Data to use

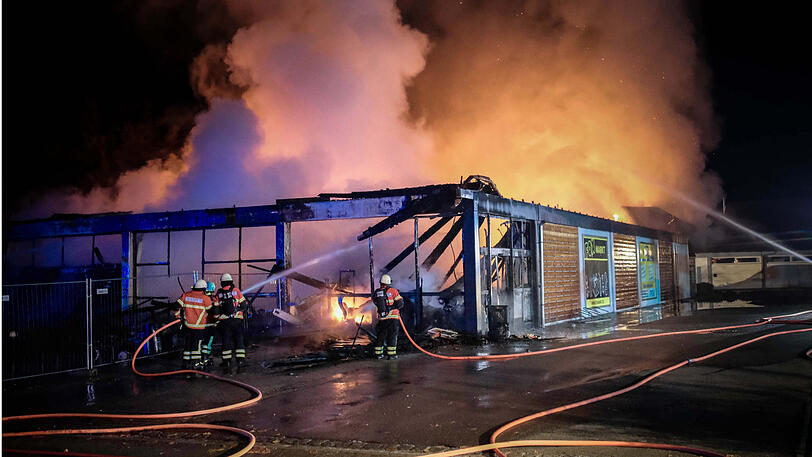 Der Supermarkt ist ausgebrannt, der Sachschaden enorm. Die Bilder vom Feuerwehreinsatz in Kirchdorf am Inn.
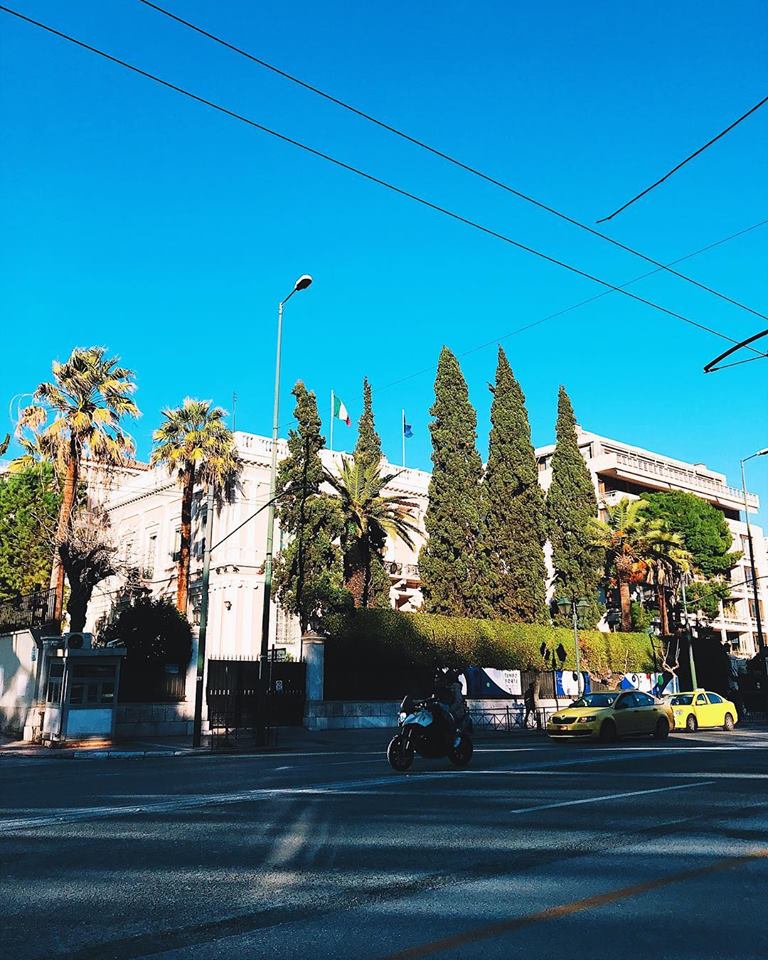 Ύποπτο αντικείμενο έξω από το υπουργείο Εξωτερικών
...
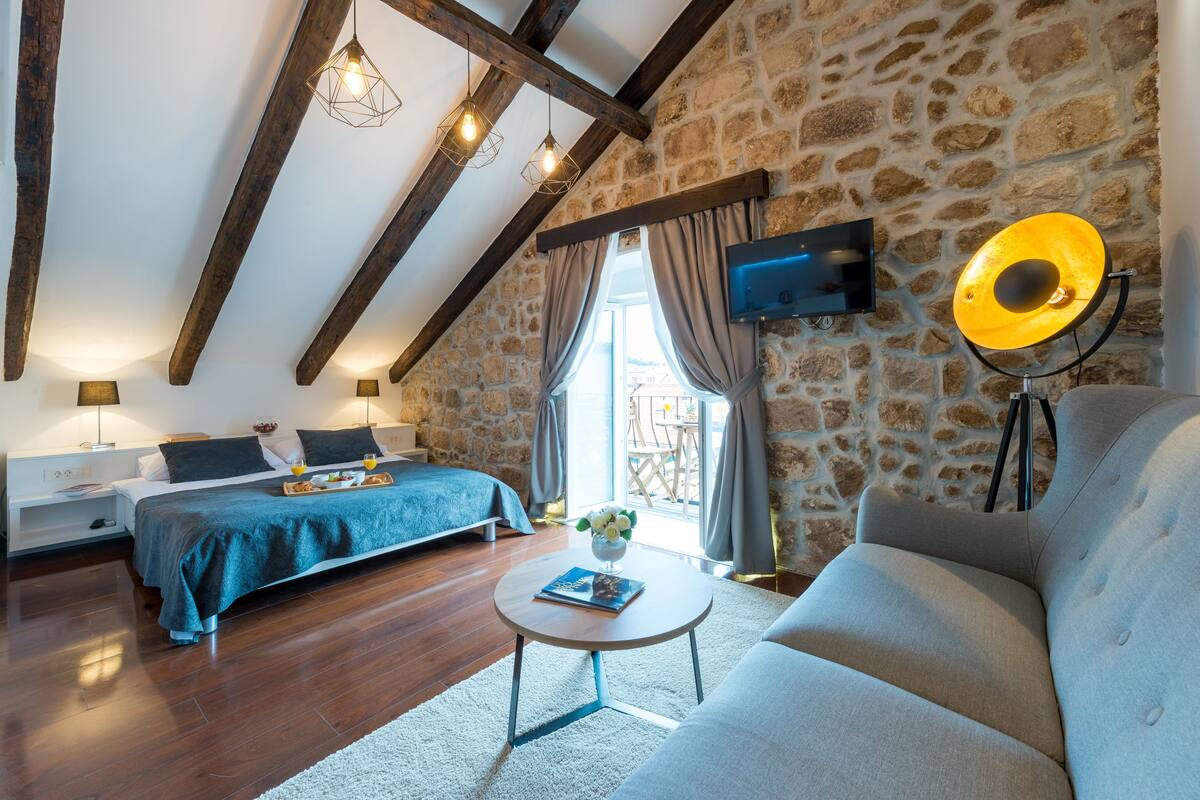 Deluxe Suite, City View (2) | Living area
==
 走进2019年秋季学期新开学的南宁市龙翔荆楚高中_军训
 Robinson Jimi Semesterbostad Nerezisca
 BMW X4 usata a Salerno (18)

Exercise description
Taking the records above, print only and exactly the lines from the line with "Der Supermarkt ist" to the line with "Ύποπτο αντικείμενο έξω", both kept, and exclude pictures.

Reply to the exercise
 Der Supermarkt ist ausgebrannt, der Sachschaden enorm. Die Bilder vom Feuerwehreinsatz in Kirchdorf am Inn.
 Ύποπτο αντικείμενο έξω από το υπουργείο Εξωτερικών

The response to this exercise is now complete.